*** Recorded information ***

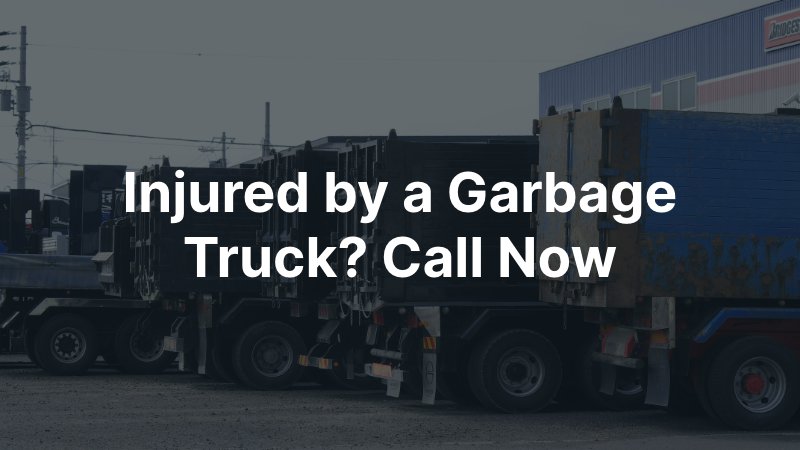 Garbage Truck Injury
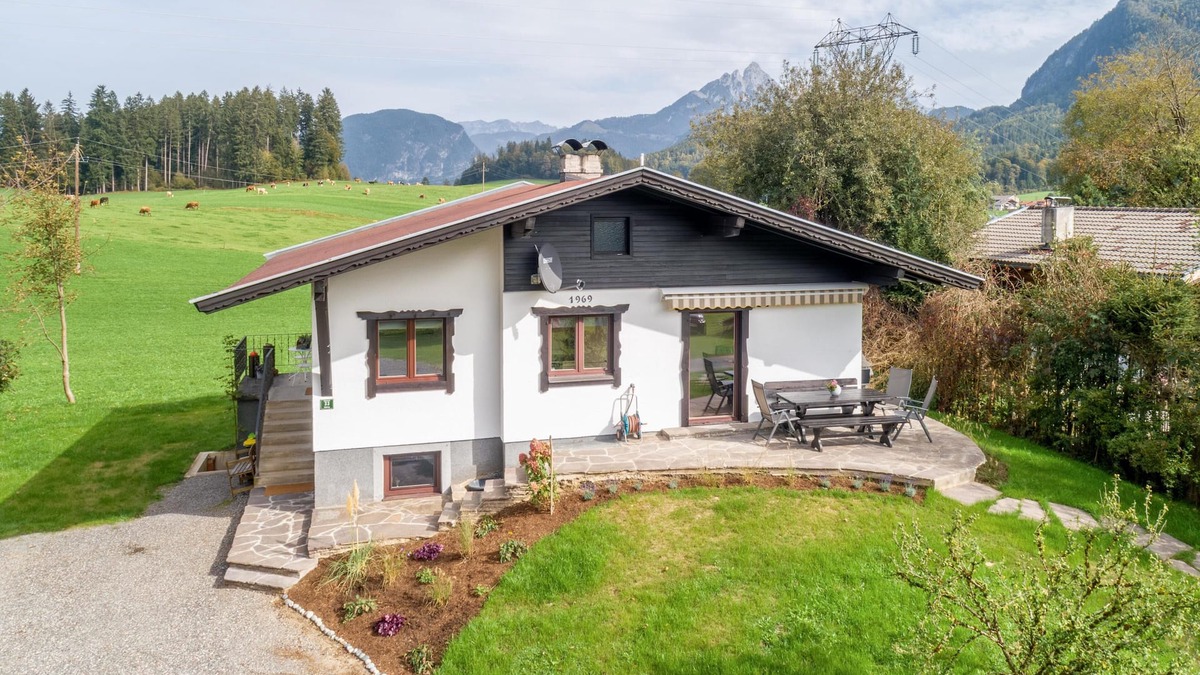 Schwoich House | Fantastic chalet in a panoramic location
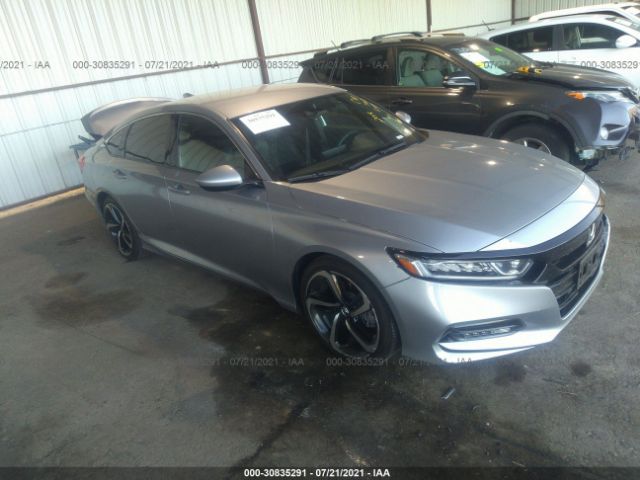 HONDA ACCORD SEDAN 2018 1hgcv1f37ja111311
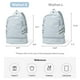 thumbnail image 2 of Bolsa de gimnasio Coofay, pequeña, impermeable y ligera para mujer, 2 of 8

*** End of Recorded information ***

[Directions] Please copy the data above word for word, but only from the line that contains "HONDA ACCORD SEDAN 2018 1hgcv1f37ja111311" through the final line, both included, and without the pictures.

[Task solution]
 HONDA ACCORD SEDAN 2018 1hgcv1f37ja111311
 thumbnail image 2 of Bolsa de gimnasio Coofay, pequeña, impermeable y ligera para mujer, 2 of 8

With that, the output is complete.